I was told it could take up to 72 hours.
Six days and counting and I’ve still not received a link. I checked and double-checked my spam folder. Nothing.
And I’m not alone.
Nikolaos from Virginia, like so many other readers nationwide who reached out to me, also complained of not being able to successfully enroll. He also is frustrated that he hasn’t been able to put a freeze on his Equifax file, which many security experts are advising. A credit freeze will lock out new lenders from seeing your credit report. (Lenders and companies you already have a business relationship with can still see your file.)
“The credit freeze requested me to first enter all my information, only to deny the freeze and requiring me to send that same information via regular mail,” Nikolaos wrote.
Another reader, Lornie, had a similar experience. “I’ve been trying for three days and five times.”
Tim from Massachusetts hasn’t been successful either. He got this message: “To ensure delivery of our emails to your inbox, please add firstname.lastname@example.org to your address book.”
He did and made some headway. He got a link to complete the enrollment. But when he clicked it, he was asked for a username and password.

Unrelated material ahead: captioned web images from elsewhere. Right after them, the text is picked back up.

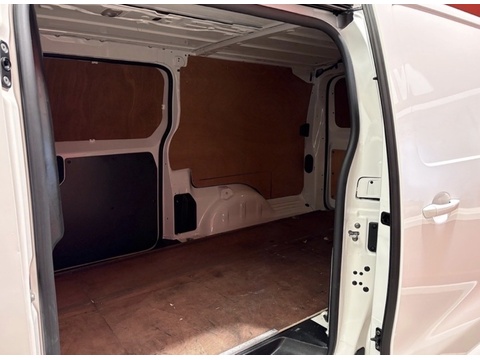 1.5 Turbo D 2900 Sportive Panel Van 5dr Diesel Manual L2 H1 Euro 6 (s/s) (100 ps)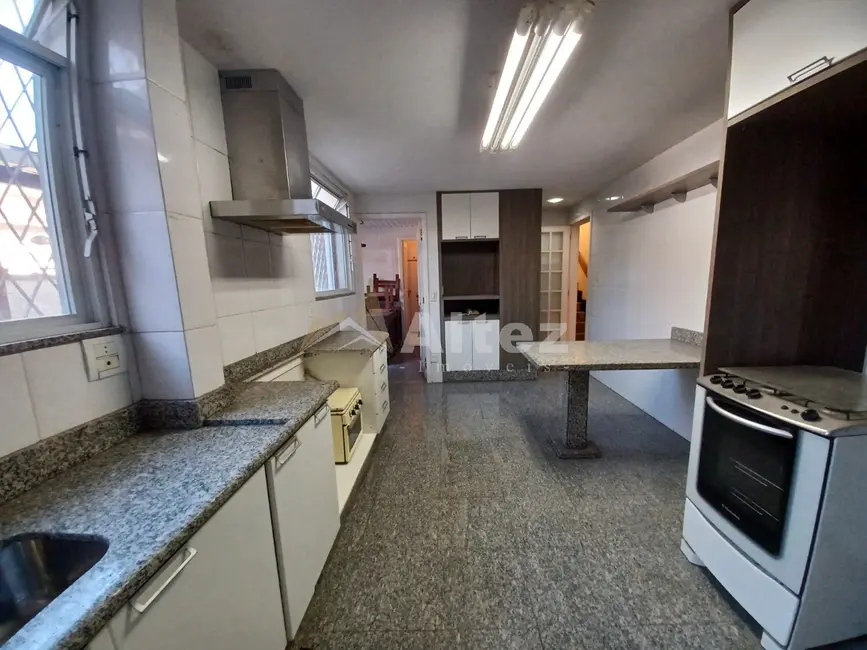 Foto 6 de Casa com 3 quartos à venda, 360m2 em Jardim Cascata, Teresopolis - RJ
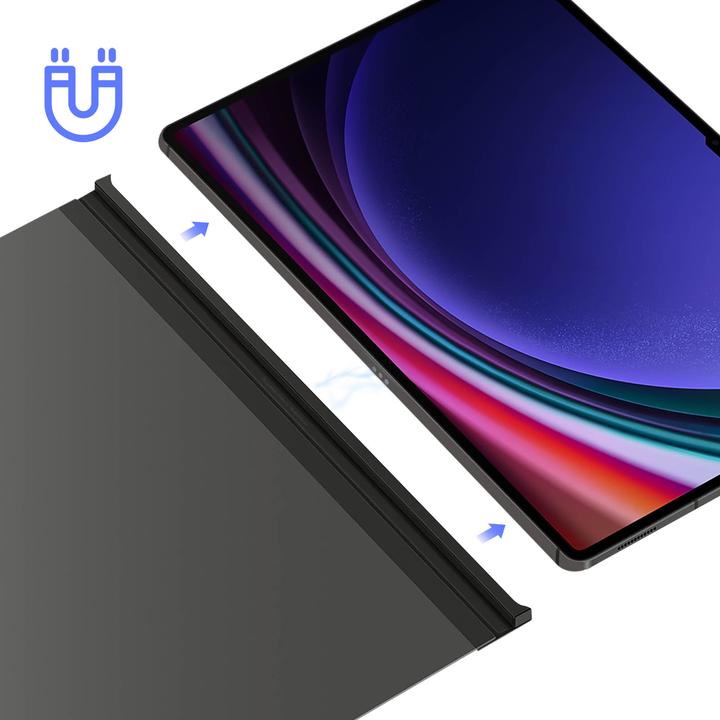 Image du produit Samsung Couverture d'écran de confidentialité (1 pièce(s), Galaxy Tab S9 Ultra)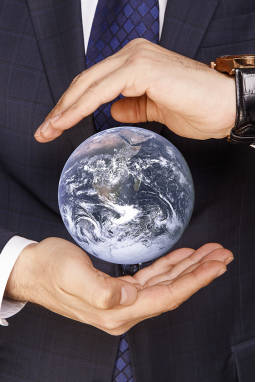 Legal Monitoring Topic - Környezetvédelem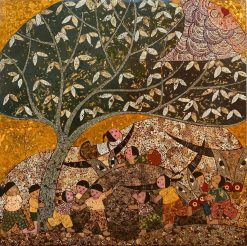 Ký Ức Tuổi Thơ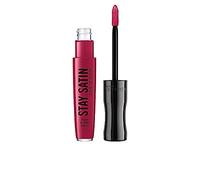 Rimmel Stay Satin Rouge À Lèvres Liquide Colour N800-Rad 1ut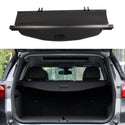 Chevy Chevrolet Equinox GMC Terrain 2010-2017 Accessories Marretoo Retractable Cargo Cover Trunk Cover Screen
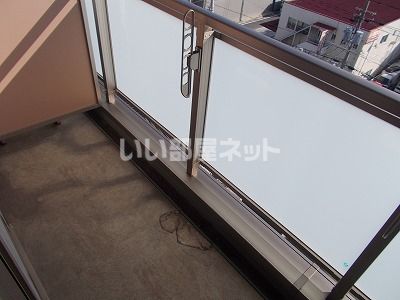 近鉄けいはんな線 荒本駅 徒歩10分 8階建 築10年の内装写真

He hadn’t been prompted to set up either.
He called what is supposed to be the dedicated call center for the breach — 866-447-7559.
“I got a human who told me they were overwhelmed with calls and I should try again in a few days,” he said. “I did so and got the same result. I am really unsure what to do at this point and dread having my identity stolen. In a bit of a panic.”
Equifax keeps apologizing for the delays. At one point the company said it faced difficulties because of Hurricane Irma.
“We are experiencing a high volume of requests for security freezes, and have experienced some technical issues,” a spokesperson emailed me. “We are working diligently to ensure an improved consumer experience.”
I get it. The company is overwhelmed. Still, do better.
It is not too much to demand (because we are way past the polite phase of asking) that the company hire as many people as it needs and/or amp up its online system so that it can handle the volume of requests from folks potentially harmed by the company’s failure to protect their personal information.
Further, given the delays, Equifax needs to extend the arbitrary Nov. 21 cutoff to sign up for the identity theft protection service. Keep enrollment open as long as it takes to sign up people who were harmed.
And perhaps a name change is in order for its TrustedID Premier service. We did trust the company and look where we are.